Susvivability as compared to a single-engine US aircraft should be a wash. True, 2 engines allow significant redundancy in combat however the tail section was much weaker than on a comparable single-engine aircraft. It was very prone to failure after sustaining even relatively light damage, especially if that damage was not evenly distributed along the booms or horizontal stabilizer.

Chez

_____________________________

Ret Navy AWCS (1972-1998)
VP-5, Jacksonville, Fl 1973-78
ASW Ops Center, Rota, Spain 1978-81
VP-40, Mt View, Ca 1981-87
Patrol Wing 10, Mt View, CA 1987-90
ASW Ops Center, Adak, Ak 1990-92
NRD Seattle 1992-96
VP-46, Whidbey Isl, Wa 1996-98

(in reply to el cid again)
Post #: 152
RE: How he got the new ratings - 9/21/2006 3:24:20 AM   
witpqs

 

Posts: 14120
Joined: 10/4/2004
From: Argleton
Status: online
If the figures reflect the plane's characteristics without the powered aerilons, then it should probably get an adjustment. However, I still suspect that the rule of 'diminishing returns' applies to this one. So, when it was 15 an adjustment of 6 or 7 was guessed. At 20, I would guess 4 or at most 5.

(in reply to ChezDaJez)
Post #: 153
RE: How he got the new ratings - 9/21/2006 6:34:18 AM   
el cid again

 

Posts: 14898
Joined: 10/10/2005
Status: offline
Nope - no bonus in maneuverability for any plane. But there is a special bonus for a Russian bomber and a British bomber in durability. The Russian one has a cast armor forebody. The British one has geodesic construction.

(in reply to m10bob)
Post #: 154
RE: How he got the new ratings - 9/21/2006 6:36:20 AM   
el cid again

 

Posts: 14898
Joined: 10/10/2005
Status: offline

quote:

ORIGINAL: ChezDaJez

quote:

and it will outperform any 1 engine plane in combat - because it will survive better and it has punch.


Susvivability as compared to a single-engine US aircraft should be a wash. True, 2 engines allow significant redundancy in combat however the tail section was much weaker than on a comparable single-engine aircraft. It was very prone to failure after sustaining even relatively light damage, especially if that damage was not evenly distributed along the booms or horizontal stabilizer.

Chez



Doesen't matter. In RHS an extra engine counts. So does armor and all metal construction. P-38 has all three.
So it gets the rating for them. The extra engine point matters for lots of reasons - 1 E planes are less likely to return even on non-combat missions. So it is properly a durability contributer.

(in reply to ChezDaJez)
Post #: 155
RE: How he got the new ratings - 9/21/2006 7:11:13 AM   
witpqs

 

Posts: 14120
Joined: 10/4/2004
From: Argleton
Status: online
Error - thought you were replying to me, I see now it was m10bob.
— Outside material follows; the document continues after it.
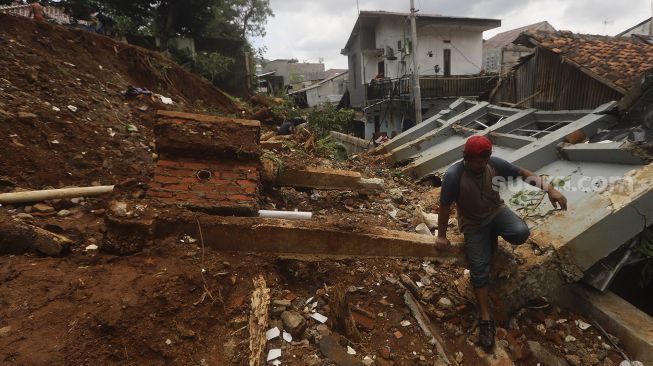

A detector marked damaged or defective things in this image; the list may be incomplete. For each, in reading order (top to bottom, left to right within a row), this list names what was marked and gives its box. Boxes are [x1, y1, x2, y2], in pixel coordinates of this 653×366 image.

broken concrete slab [556, 284, 652, 366]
< Message edited by witpqs -- 9/21/2006 7:13:23 AM >

(in reply to el cid again)
Post #: 156
RE: How he got the new ratings - 9/21/2006 9:05:30 AM   
ChezDaJez


Posts: 3422
Joined: 11/12/2004
From: Chehalis, WA
Status: offline

quote:

ORIGINAL: el cid again


quote:

ORIGINAL: ChezDaJez

quote:

and it will outperform any 1 engine plane in combat - because it will survive better and it has punch.


Susvivability as compared to a single-engine US aircraft should be a wash. True, 2 engines allow significant redundancy in combat however the tail section was much weaker than on a comparable single-engine aircraft. It was very prone to failure after sustaining even relatively light damage, especially if that damage was not evenly distributed along the booms or horizontal stabilizer.

Chez


Doesen't matter. In RHS an extra engine counts. So does armor and all metal construction. P-38 has all three.
So it gets the rating for them. The extra engine point matters for lots of reasons - 1 E planes are less likely to return even on non-combat missions. So it is properly a durability contributer.



No problem. I would have done it a little different but its not my mod. You asked for input and I threw it out there for consideration. I do understand the point concerning 2 engines.

Chez

_____________________________

Ret Navy AWCS (1972-1998)
VP-5, Jacksonville, Fl 1973-78
ASW Ops Center, Rota, Spain 1978-81
VP-40, Mt View, Ca 1981-87
Patrol Wing 10, Mt View, CA 1987-90
ASW Ops Center, Adak, Ak 1990-92
NRD Seattle 1992-96
VP-46, Whidbey Isl, Wa 1996-98

(in reply to el cid again)
Post #: 157
RE: How he got the new ratings - 9/21/2006 11:31:35 AM   
el cid again

 

Posts: 14898
Joined: 10/10/2005
Status: offline
If it was your mod - how would you do it?

(in reply to ChezDaJez)
Post #: 158
RE: How he got the new ratings - 9/21/2006 1:40:47 PM   
Mike Scholl

 

Posts: 9349
Joined: 1/1/2003
From: Kansas City, MO
Status: offline

quote:

ORIGINAL: el cid again

Nope - no bonus in maneuverability for any plane. But there is a special bonus for a Russian bomber and a British bomber in durability. The Russian one has a cast armor forebody. The British one has geodesic construction.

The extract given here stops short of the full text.